Continentals Roboterlösung für die letzte Meile heißt Corriere LM und ist auf vier Rädern unterwegs. Der elektrisch betriebene Lieferroboter erinnert mit seiner Antenne und kompakten Form an einen Bollerwagen. Das Innenleben hat es in sich: GPS und ein Heer an modernster Sensorik wie Lidar, Ultraschall und hochauflösende Kameras an Front, Heck, Seiten und Unterboden navigieren den Roboter. Unter seiner Ladeklappe kann er maximal 15 Kilogramm Gesamtgewicht transportieren. Das Elektro-Gefährt bringt es auf maximal 8 km/h, das entspricht einem flotten Schritttempo und ist für Gehwege in Städten gedacht. Damit ist der agile Lieferroboter vor allem für Zustellungen auf kurzer Strecke in einem Umkreis von rund fünf Kilometern prädestiniert. Während der Corriere auf Tour ist, kann der Empfänger über eine App jederzeit sehen, wo sich der Lieferroboter mit der Bestellung gerade befindet. Am Ziel angelangt, öffnet er einfach per App die Ladeluke und entnimmt die Ware. 2020 starteten erste Liefertests in Singapur.
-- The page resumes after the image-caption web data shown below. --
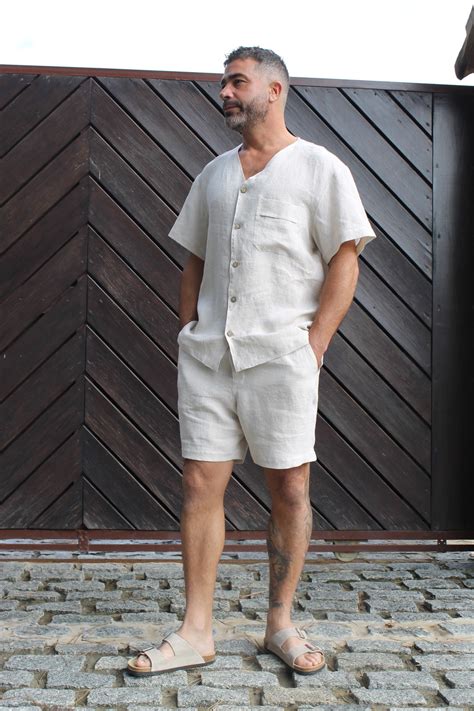 Mens Linen Pajamas Set/mens Pyjama Linen Pants/dover Linen Men Pajama ...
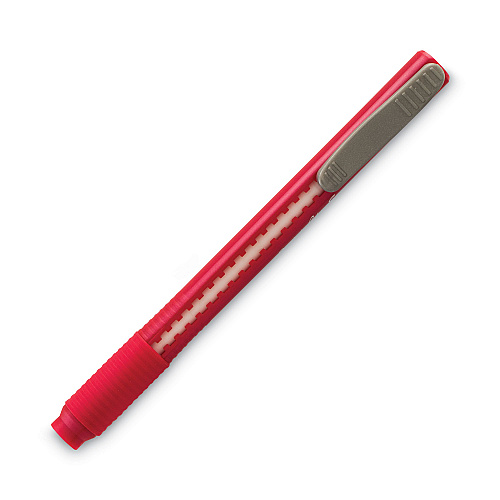 Pentel Clic Eraser Grip Eraser, For Pencil Marks, White Eraser, Randomly Assorted Barrel Color, 3/Pack (ZE21BP3K6)
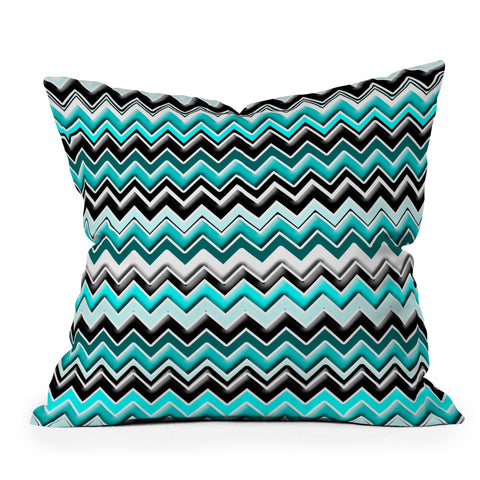 Madart Inc. Turquoise Black White Chevron Throw Pillow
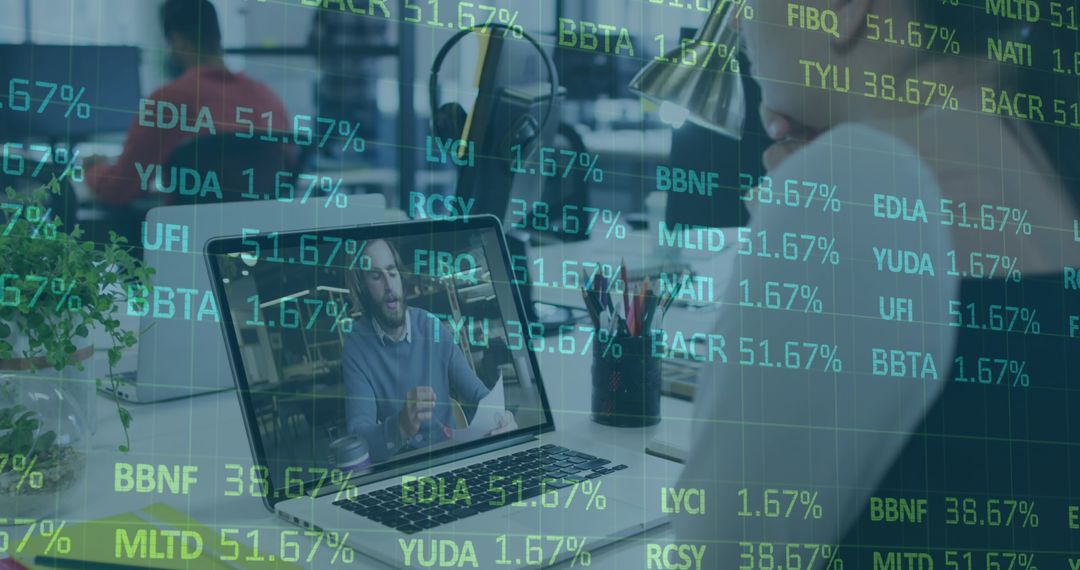 Remote Presentation in Modern Office with Statistical Overlay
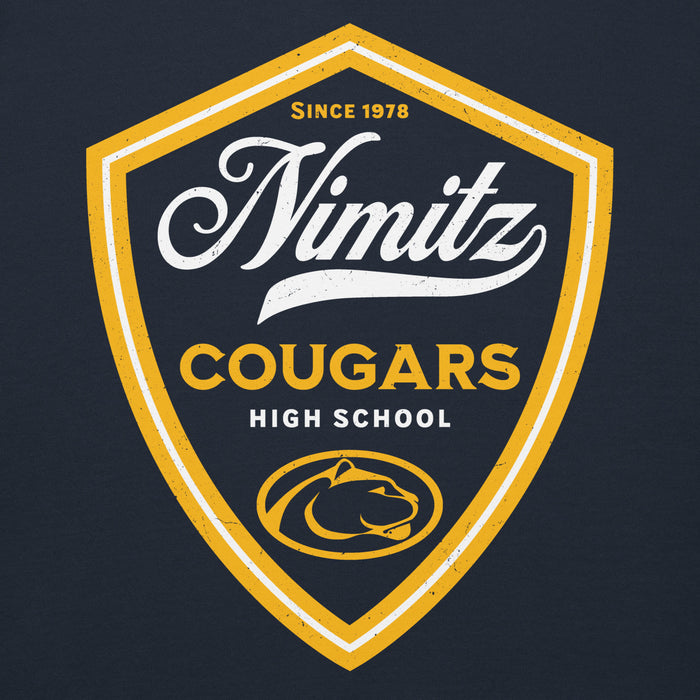 Close-up view of Nimitz High School Cougars Navy Blue Premium Unisex Hoodie 225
Eine Alternative zu den Miniaturtransportern sind Roboter, die Treppen und Aufzüge überwinden können. Die einem Hund ähnelnden Vierbeiner „Anymals“ wurden vom Schweizer Unternehmen Anybotics, einer Ausgründung der Eidgenössischen Technischen Hochschule Zürich, entwickelt. Ford und Agility Robotics erproben derzeit in den USA den Einsatz von Digit. Dabei handelt es sich um einen zweibeinigen Roboter, der ähnlich wie ein Mensch geht. Er kann Pakete mit einem Gewicht von bis zu 20 Kilogramm heben, Treppen steigen und sich auf natürliche Weise bewegen, ohne das Gleichgewicht zu verlieren. Ob entweder das Sushi vom Restaurant ins Büro, die Medikamente von der Apotheke nach Hause oder die Pakete zum Besteller – den Einsatzgebieten sind keine Grenzen gesetzt.